Parce qu’entre Connor McDavid et Cale Makar, la situation n’est pas du tout la même.

Pour aller chercher McDavid, il faudrait probablement sacrifier une partie importante de ton organisation dans une transaction monstrueuse.

On parle d’un joueur qui coûterait possiblement plusieurs jeunes vedettes, des choix de première ronde et des morceaux du noyau actuel.

Mais Makar?

Le scénario devient beaucoup plus dangereux pour le Colorado.

Parce que si jamais les négociations stagnent après la prochaine saison… si jamais les frustrations s’accumulent… si jamais cette série contre Vegas laisse des cicatrices plus profondes qu’on le pense actuellement… l’Avalanche pourrait se retrouver dans une position où l’organisation devra considérer l’impensable : échanger son défenseur avant de risquer de le perdre gratuitement.

Et c’est là que le rêve montréalais devient complètement absurde.

Imaginez une seconde une défense menée par Lane Hutson à gauche et Cale Makar à droite.

Deux défenseurs capables de contrôler le rythme d’un match pratiquement à eux seuls.

Deux cerveaux offensifs élites capables de transformer chaque sortie de zone en attaque instantanée. Deux joueurs qui pensent le hockey une seconde plus vite que tout le monde sur la glace.

Ce ne serait même plus raisonnable offensivement.

Le plus fascinant dans tout ça, c’est que Kent Hughes n’aurait même pas besoin de précipiter quoi que ce soit.

Le Canadien est déjà rendu beaucoup plus vite que prévu dans sa reconstruction.

Montréal est maintenant une destination qui redevient crédible aux yeux des grandes vedettes de la ligue.

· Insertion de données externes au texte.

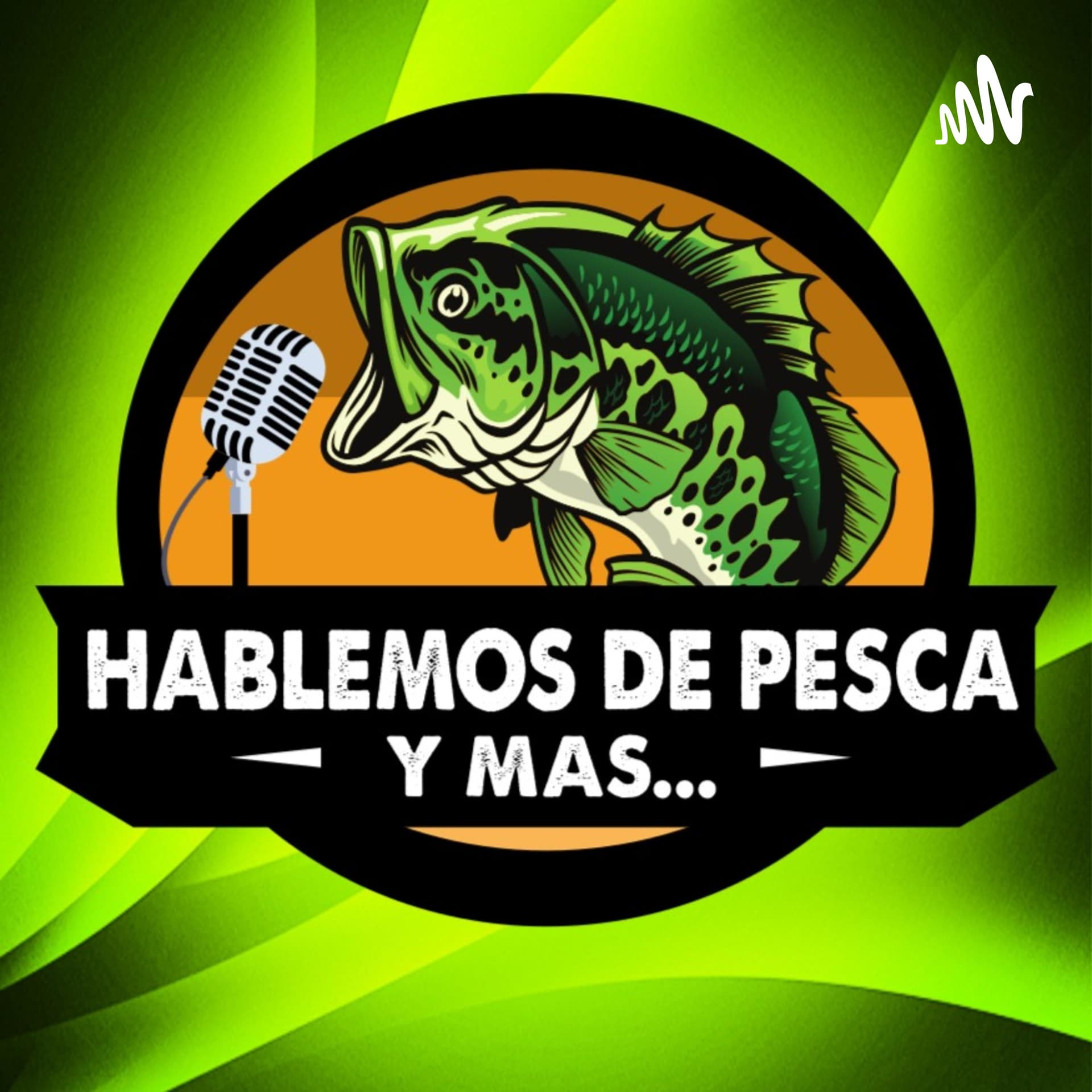 Hablemos de Pesca y Más - Podcasts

Le Centre Bell recommence à faire peur aux équipes adverses. Les jeunes joueurs explosent sous les projecteurs. Ivan Demidov et Lane Hutson sont en train de faire leurs marques déjà dans ces séries éliminatoires.

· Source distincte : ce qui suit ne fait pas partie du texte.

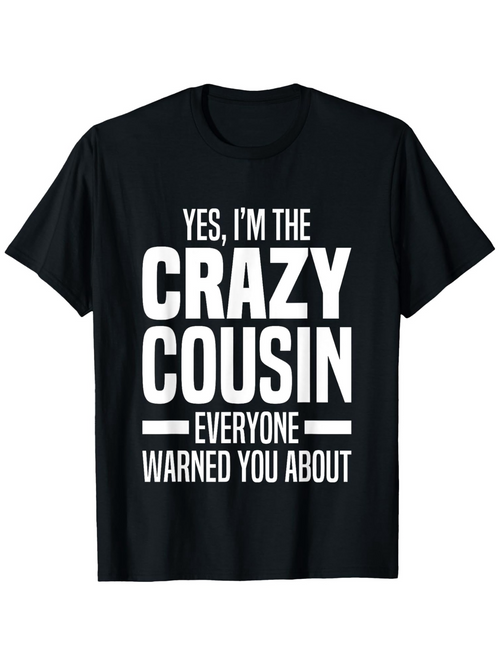 Men's Graphic T-Shirt Yes Im The Crazy Cousin Everyone Warned You About Bold White Letters Classic Tshirt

Et pendant ce temps-là, au Colorado, une petite fissure commence tranquillement à apparaître autour du joueur le plus important de l’organisation.

Évidemment, tout ça demeure extrêmement hypothétique pour l’instant.

Le Colorado peut encore revenir dans cette série. Makar peut signer une prolongation gigantesque demain matin. L’Avalanche peut retrouver son identité et faire disparaître toute cette histoire en quelques victoires.

Mais dans la LNH moderne, les grandes tempêtes commencent souvent exactement comme ça.

Une blessure.

Une frustration.

Une phrase mal choisie devant les médias.

Et si l’histoire du Canadien était réellement en train de changer plus vite que tout le monde l’imaginait

Parce qu’un soir de printemps au Centre Bell, voir Lane Hutson transporter la rondelle pendant que Cale Makar embarque de l’autre côté… ce ne serait plus seulement un alignement de hockey.

Ce serait un moment historique pour Montréal.

Le genre de rêve qui semblait complètement impossible il y a encore quelques mois… mais qui commence tranquillement à faire travailler l’imagination de toute une ville.